The question is not new, though it is new to software development, where what hackers do is generally thought too complex to measure. In my experience, most programmers believe a great hacker is several times more productive than a marginal hacker, while simultaneously believing that it’s impossible to measure hacker productivity.
There is good reason to suggest that this is not the case. The next time you tell your phone to play a song or have Google translate something, remember that you’re watching statistical natural language processing at work, and that natural languages are far more complex than programming languages. Their complexity hasn’t prevented valuable progress from being made. Look more broadly and examples abound of the successful application of statistics in systems that are more complex than software development. Our metrics are weak not because software is so complex, but because our data sucks.
There is also good reason not to ignore the question of hacker productivity. In the long run, the only way to keep programming jobs in high wage locations is through demonstrably superior productivity.
The question of how to measure performance in an ethical and non-threatening way is old news in industries where statistical process control (SPC) is common. I had the privilege years ago to study with W. Edwards Deming at NYU, who was renowned for having taught SPC in Japan after the war. Japan, of course, taught it to the rest of the world by decimating their low-quality competitors. If you can drive to work without wondering if your car will break down, you owe something to Deming.
In Deming’s view the ultimate goal of process improvement was to “provide jobs and more jobs.” He saw this both as a moral imperative and a practical necessity: only “driving out fear” could prevent the sabotage of the metrics needed for SPC. Because of that, he spent relatively less time discussing math and more time teaching managers how to NOT to misinterpret data. And he emphasized consistently employee morale and security.

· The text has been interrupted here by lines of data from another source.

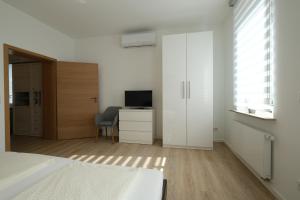 TV a/nebo společenská místnost v ubytování Modern Home Check-in & chill down auf 65 qm²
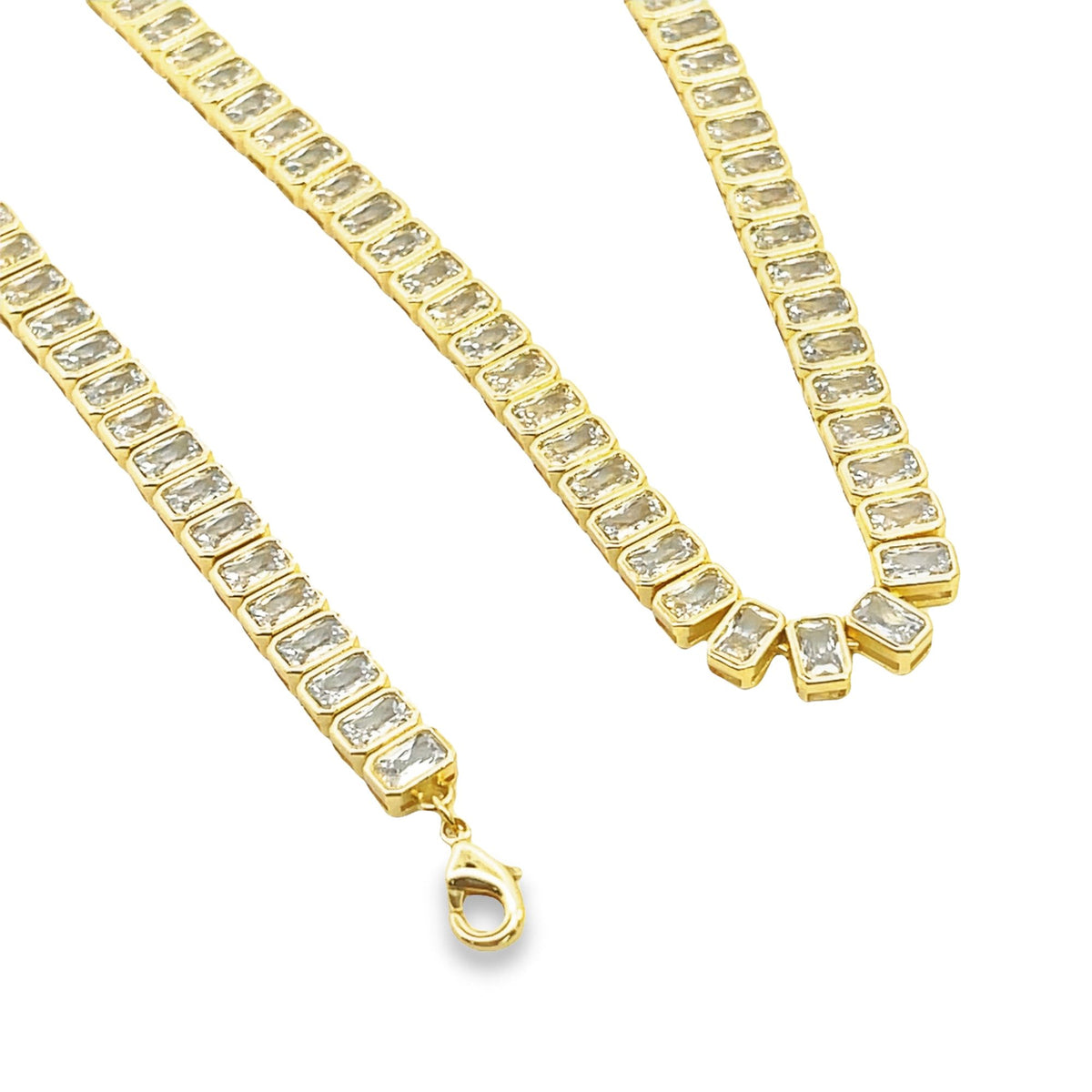 A close-up shot of a gold tennis necklace featuring sparkling emerald-cut CZ stones set in a continuous line against a clean white background.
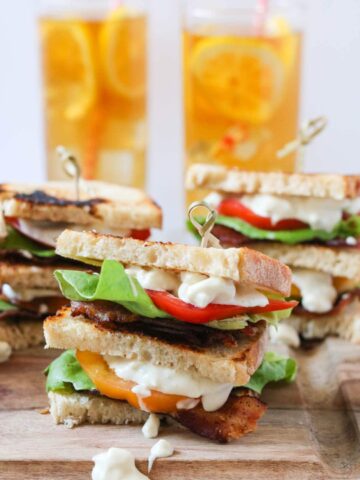 BLT club sandwich with blue cheese mayo and glasses of iced tea in the background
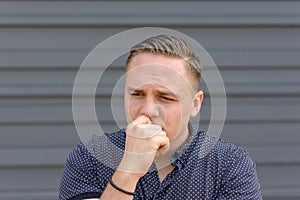 Anxious worried young man frowning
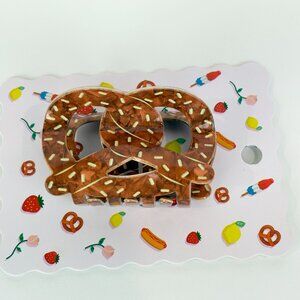Pretzel shaped hair claw clip. New with tags
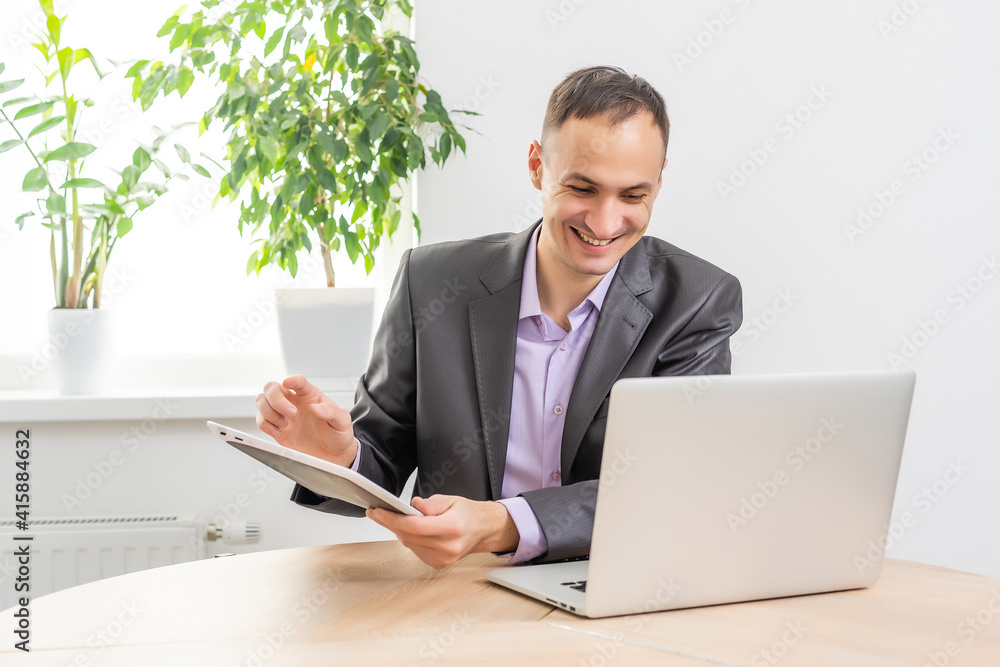 Handsome businessman working with laptop in office Handsome businessman working with laptop in office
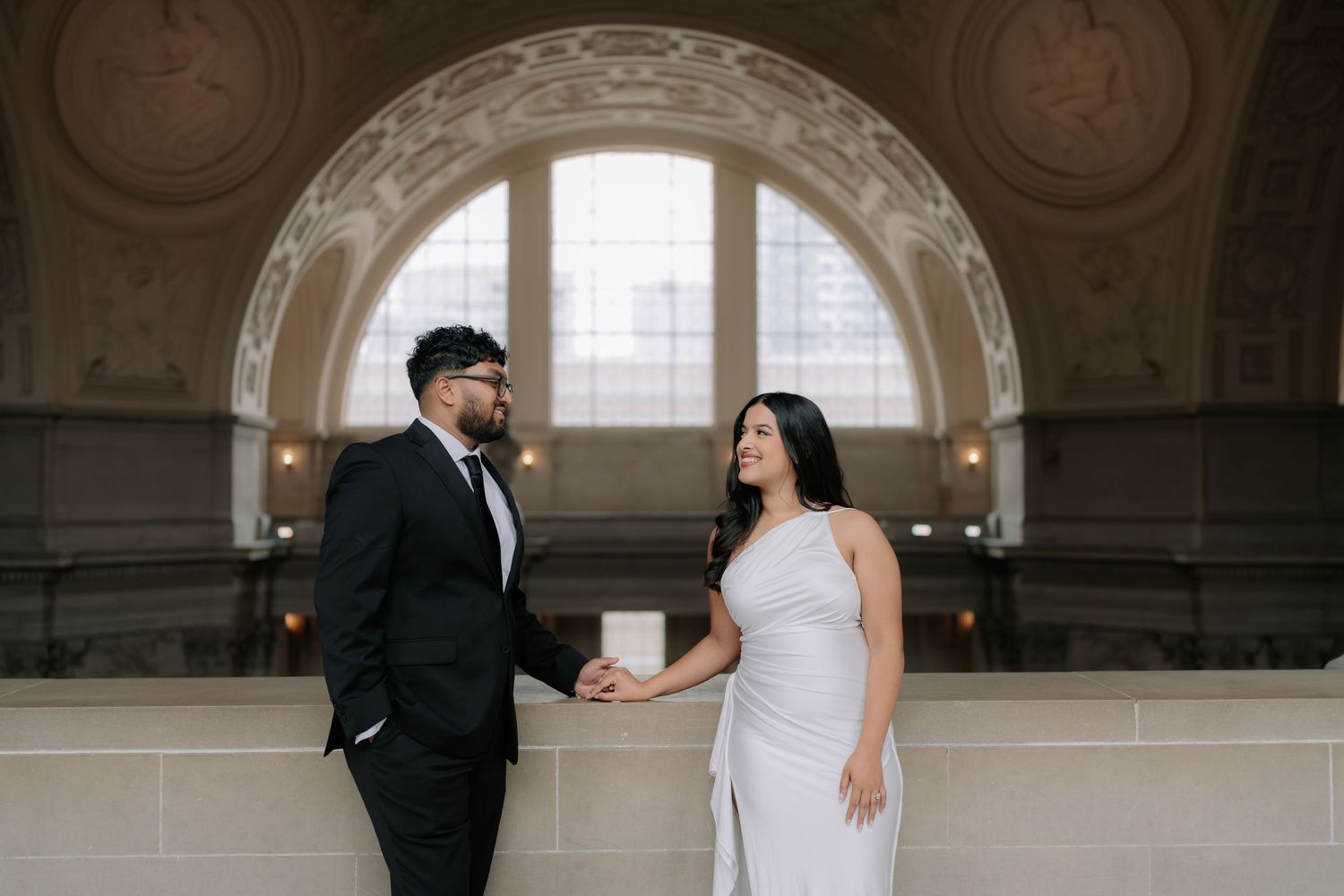 Romantic couple portrait at San Francisco City Hall dome interior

If we are to make effective use of data in software engineering we need to be equally vigilant. The data must be used only to (1) help lower-performing individuals improve, and (2) to help move the team as a whole to a higher average. If it turns out that one of your people just doesn’t have the ability to be a strong hacker, it’s on you to find a way for them to contribute. If this happens often, you need to work on your hiring process. Having good data may help. What you don’t do is fire them. The first time someone uses your data as grounds for termination, you’re lost.
[An aside: Other people are starting to move in the direction of analyzing data produced as a normal part of the development process. Michael Feathers had a recent post on his excellent blog that mentions several different SCM-mining efforts underway, though they’re a bit different from what I have in mind.]
 Well, that, and the infinite stupidity of America’s corporate leadership. He was a pretty cranky guy on that subject.